少しばかり神経質になっているセヘネを隣で見ていたトファダはルゼルを見る。相変わらず青い瞳は冷め切っていた。
「私あの方と仲良くなりたいのです!ですから、行くのを許してください!」
予想外の言葉に二人はぽかんと口を開けた。
セヘネは顔を染めている。
「あんな素敵な方、初めて見ました!美しくて気品があって、とても優雅なんですもの。

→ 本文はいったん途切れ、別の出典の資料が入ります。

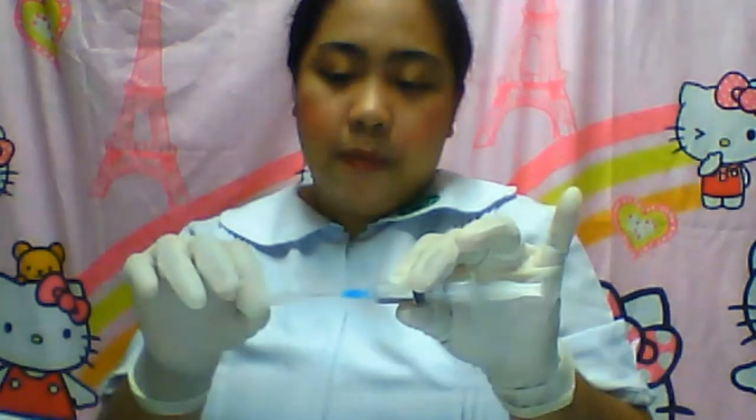All right, we're done. There are actually two ways of recapping to maintain the sterility of the medication. The safest is the fishing technique — I'll show you how to fish.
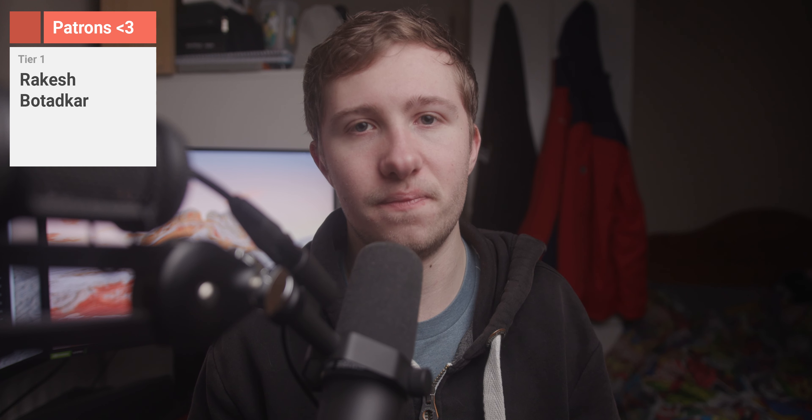I'm actually recommending these to a few people that I know, so definitely check them out. Link's in the description. Please do like, comment, subscribe, all that fun stuff. I've been Ryan Thomas, and I'll catch you later. Peace.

私、初めて見て尊敬いたしました」
熱のこもった物言いに、二人は脱力してルゼルは椅子に、トファダはソファに座り込んだ。
そういえば彼女は疑うことなど知らない、純粋なまま育てられた娘だった。そんな娘がレリアを見ただけでそんな疑問、思い浮かぶはずがないのだ。
「分かりました、会うことを認めます。しかし彼女は私が連れてきます。おしゃべりはあなたの部屋で良いでしょう」
「本当ですか!?ありがとうございます、王子殿下」
嬉しげな彼女は礼をすると部屋から出て行った。
それを見て、トファダは肩の力を抜く。
「連れてくるなんて、どんな風の吹き回しですか」
「レーアもずっとあそこに閉じ込めてあって退屈だろうからさ。それにお前がいれば心配ない。後で迎えに行けば良いから」
「俺を使わないで下さいよ」
苦笑をするトファダはソファから立ち上がるとルゼルに一枚の紙を渡した。
「なに?」
「陛下からですよ。中身は読んでください」
言われたとおり目を通すと、ルゼルは露骨に嫌そうな顔をした。
「セヘネと晩餐……」
考えただけで憂鬱になる。
「レーアのとこ行けないし」
「少しくらいなら我慢できるでしょう。そんなに我慢出来ないなら他の女を呼びますが?」
「結構!」
バンッ、と紙を机に叩きつけたルゼルは仕事を開始する。
その顔は真剣そのものだ。
(やれやれ……)
この王子では、きっとレリアも大変だろうに。
思って嘆息するトファダだった。